Koncert finałowy 30 sierpnia zapowiada się niezwykle imponująco i refleksyjnie. W sali koncertowej Europejskiego Centrum Muzyki w Lusławicach zabrzmią dzieła intymne, najbardziej osobiste, pełne kontemplacyjnego zamyślenia – swoista „musica domestica” Pendereckiego: Preludium na klarnet solo (1987), Kwartet na klarnet i trio smyczkowe (1993) oraz Sekstet na klarnet, róg, trio smyczkowe i fortepian (2000).

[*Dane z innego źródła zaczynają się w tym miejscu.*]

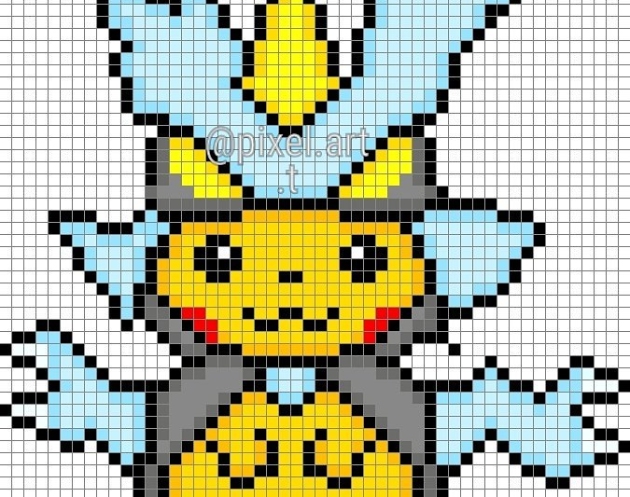 Pixel Art Pikachu in Verkleidung 6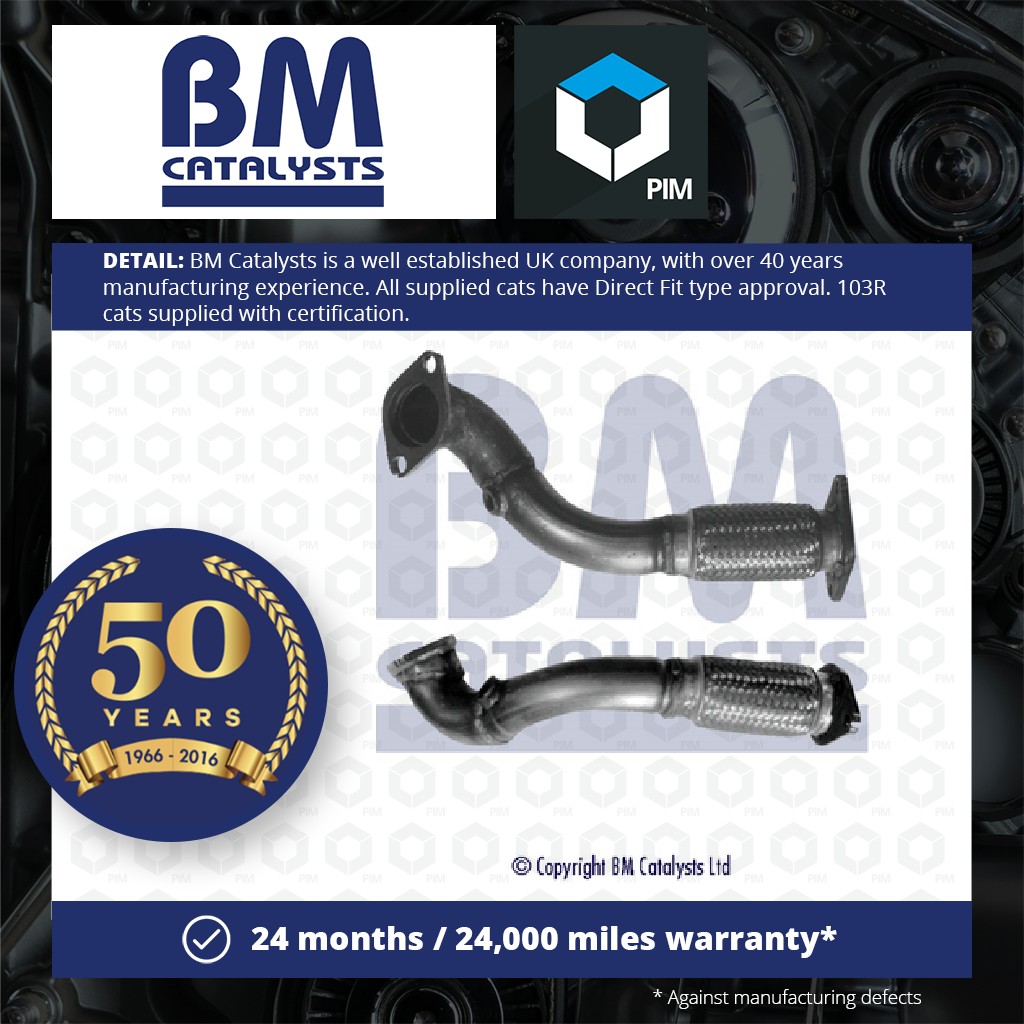 BM Catalysts Exhaust Front / Down Pipe + Fitting Kit Front BM70529K [PM2072010]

Wystąpią: Andrzej Ciepliński – klarnet, Tomasz Bińkowski – róg, Janusz Wawrowski – skrzypce, Katarzyna Budnik – altówka, Marcin Zdunik – wiolonczela i Szymon Nehring – fortepian.
Kwartet na klarnet i trio smyczkowe, który usłyszymy podczas niedzielnego koncertu, to jeden z najbardziej subtelnych i osobistych utworów Krzysztofa Pendereckiego, stanowiący punkt zwrotny w jego karierze. Sekstet natomiast zrodził się z tradycji muzyki kameralnej i wpisuje się w zapoczątkowany przez Kwartet na klarnet i trio smyczkowe nurt „klarowności”. Należy on do najbardziej rozbudowanych dzieł kameralnych Pendereckiego.

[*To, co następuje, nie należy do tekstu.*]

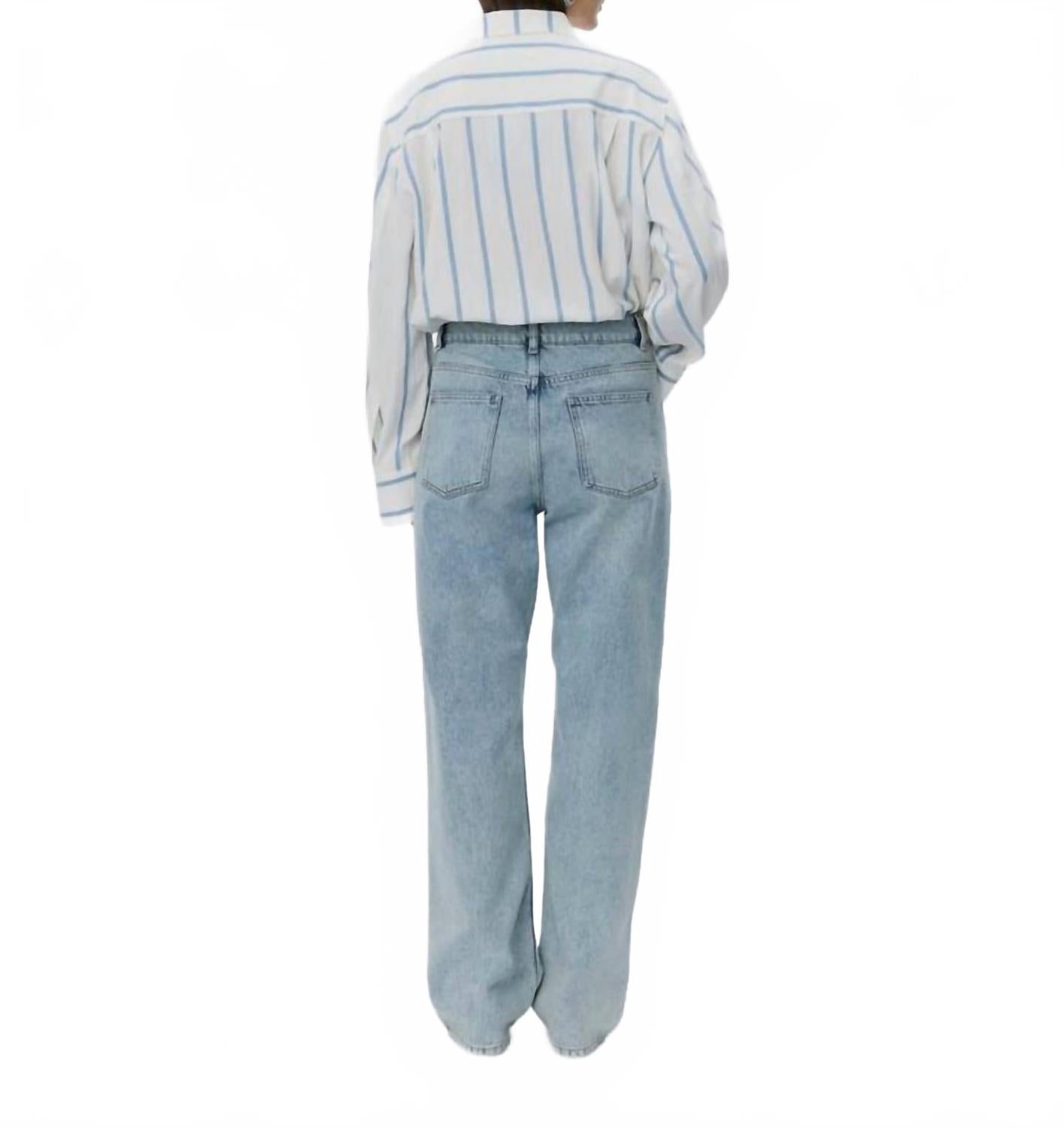 Romy Long Sleeve Shirt In Striped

Warto przypomnieć, że twórczość kameralna zajęła w latach 90. ważne miejsce w twórczości kompozytora. Określana przez krytyków „ścieżką obok głównej drogi”, była w rzeczywistości ważnym nurtem działań, o czym świadczą słowa samego artysty: „Pomimo, że muzyka kameralna jest dla mnie najważniejsza, to zawsze pisałem ją po drodze. Teraz staje się coraz ważniejsza. Początkowo pewne motywy, niewykorzystane fragmenty większych utworów stawały się zalążkiem utworów kameralnych. Obecnie muzyka ta ma swoje własne życie”.
Kompozycje, które zostaną zaprezentowane podczas ostatniego koncertu festiwalowego, cechuje liryzm naznaczony pięknem. O istocie tej muzyki świadczą słowa jej twórcy: „Uprawiam różne formy muzyczne. Szukam w nich odpowiedzi na nurtujące mnie pytania i wątpliwości (…) Krążę, błądzę – wchodzę w mój symboliczny labirynt. Tylko droga okrężna prowadzi do spełnienia. Labirynt zbudowałem też w moim lusławickim ogrodzie. W nim czuję się bezpiecznie, cofam się, odnajduję inne drogi. Wychodzę z niego niechętnie. Tu też w Lusławicach powstaje najbliższa mi muzyka: pisane latami symfonie oraz kameralistyka – moja ‘musica domestica’. Uciekam tutaj w intymność, w świat bliski ciszy – i wydaje mi się, że zbliżam się do istoty muzyki”.